Image: Johan Swanepoel/Shutterstock

Irish spacetech firm Arralis has secured a €650,000 contract with the ESA to enable its latest Leonis Ka band chips to speed up satellites’ communications.

The European Space Agency (ESA) has a good relationship with Ireland from a development perspective. Last September, it opened the country’s first ESA Business Incubation Centre to support up to 30 Irish start-ups developing the latest in space technology for use on Earth.

In addition, it has funded and signed contracts with a number of Irish spacetech companies over the year, including last month’s €1.2m deal with Treemetrics to roll out a tree growth analytics system, including a unique tree sensor device.

Now, Limerick communications technology manufacturer Arralis has announced the signing of a new €650,000 contract with the ESA to bring its Leonis Ka band chips into space, allowing for massive data rate communications speeds for commercial and science missions.

Ka band antennas are 400pc smaller than their Ku band rivals, and are expected to be used in future satellites from the likes of Facebook and SpaceX, due to their ability to dramatically lower communications costs.

According to Arralis, applications of the Leonis Ka chip include 5G telecoms, airborne high-speed Wi-Fi, low-Earth orbit mega-constellation communications, connected vehicles, the internet of things and M2M communications.

‘High speed internet for all’

“We are delighted to continue to deliver the world’s leading satellite communication products to ESA and the global industry,” said Arralis CEO Barry Lunn.

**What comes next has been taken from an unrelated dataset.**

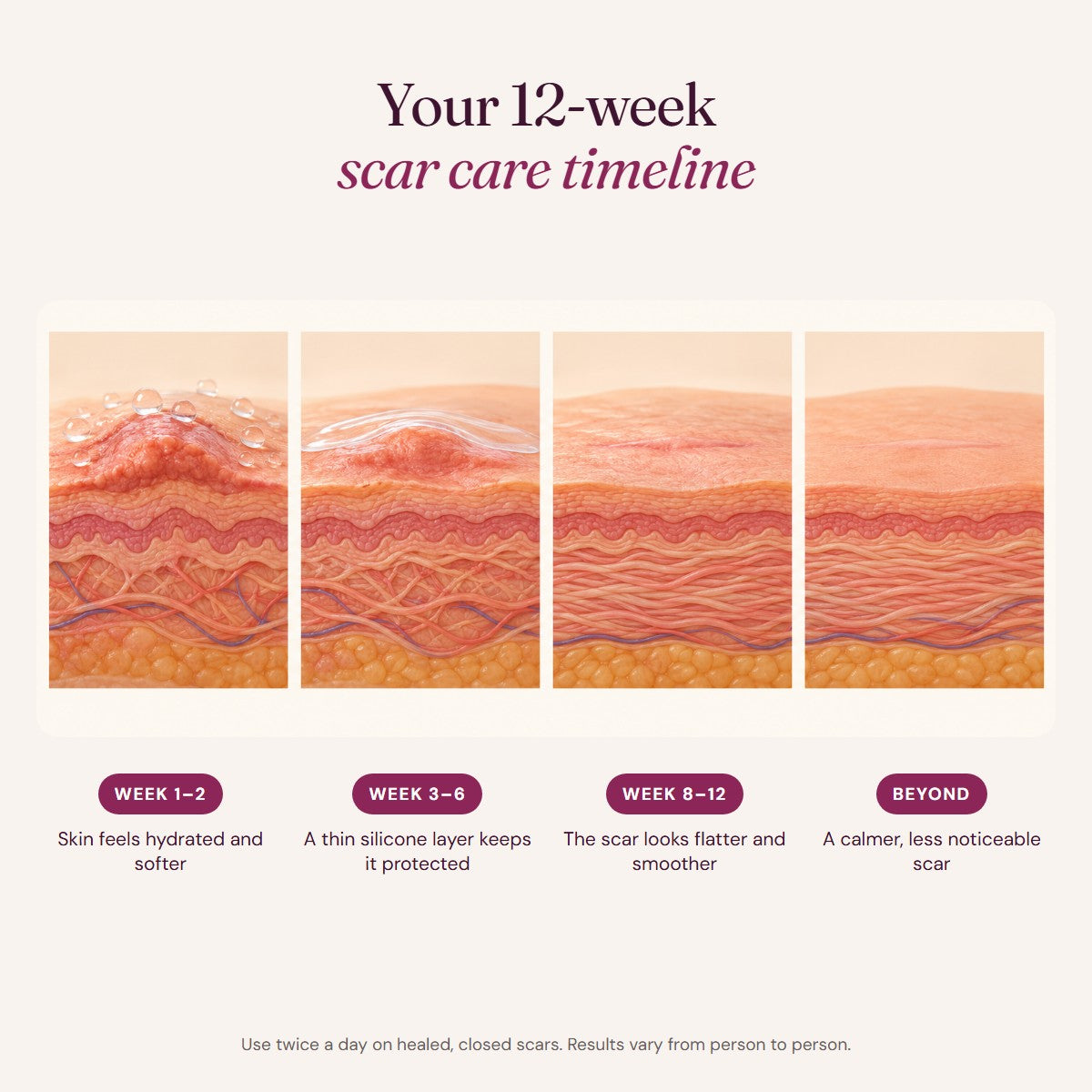 12-week scar care timeline with silicone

“This chipset represents ‘new space’, making space technology that will deliver real benefits back on Earth by providing high-speed internet for all.”

In January of last year, Arralis signed a €400,000 contract with the ESA to continue its delivery of a series of 94GHz subsystems, capable of being used in the harsh environment of space.

One of its biggest deals with the ESA, however, was cemented in 2015 when the company secured a number of international contracts in the UK, South Korea, Russia and China for its radar technology, the latter of which amounted to €1.45m.